START Collected material
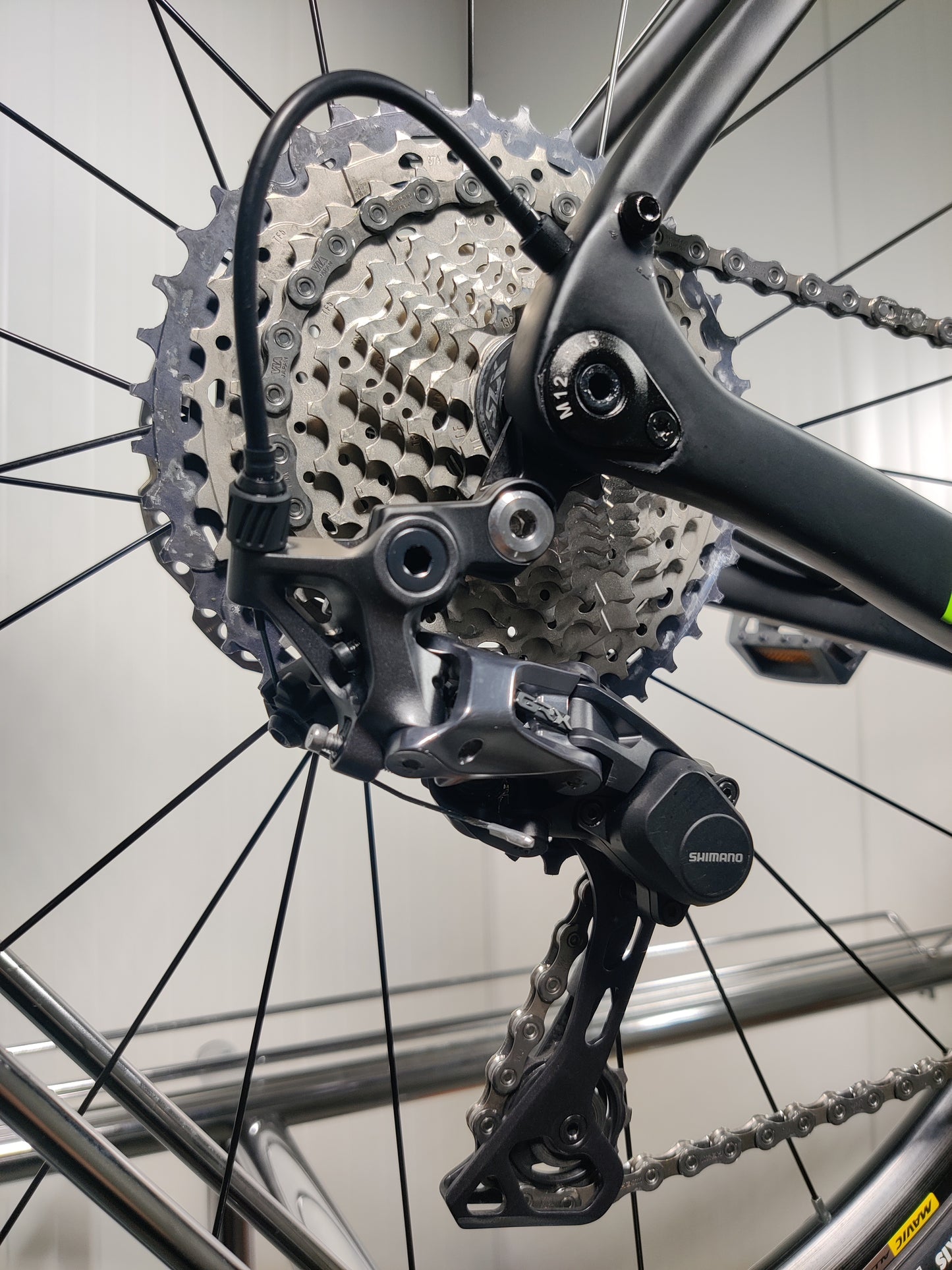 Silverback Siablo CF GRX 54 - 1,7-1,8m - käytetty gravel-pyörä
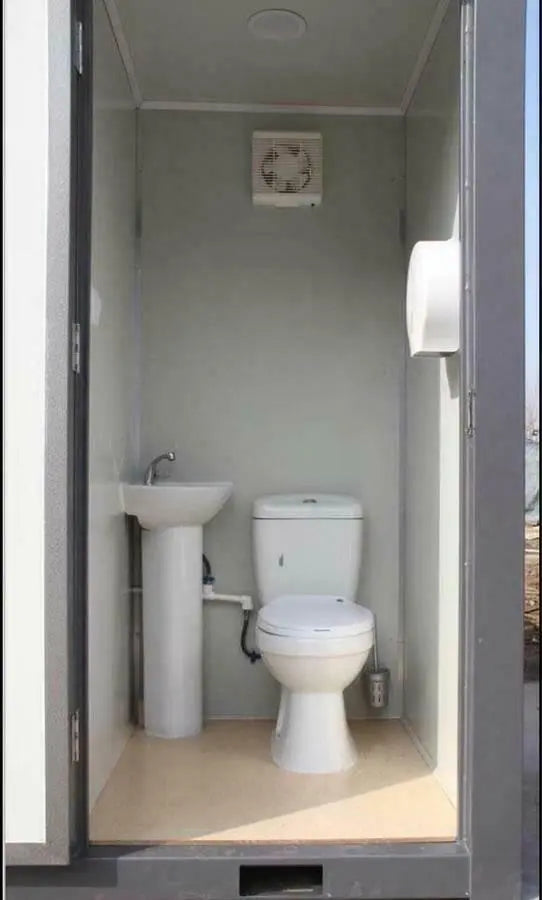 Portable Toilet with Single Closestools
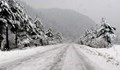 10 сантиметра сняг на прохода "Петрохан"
END Collected material
== Required work ==
Please return the lines from the line with "Portable Toilet with Single Closestools" through the last line of the data, both included, exactly, and without pictures.

== Task output ==
 Portable Toilet with Single Closestools
 10 сантиметра сняг на прохода "Петрохан"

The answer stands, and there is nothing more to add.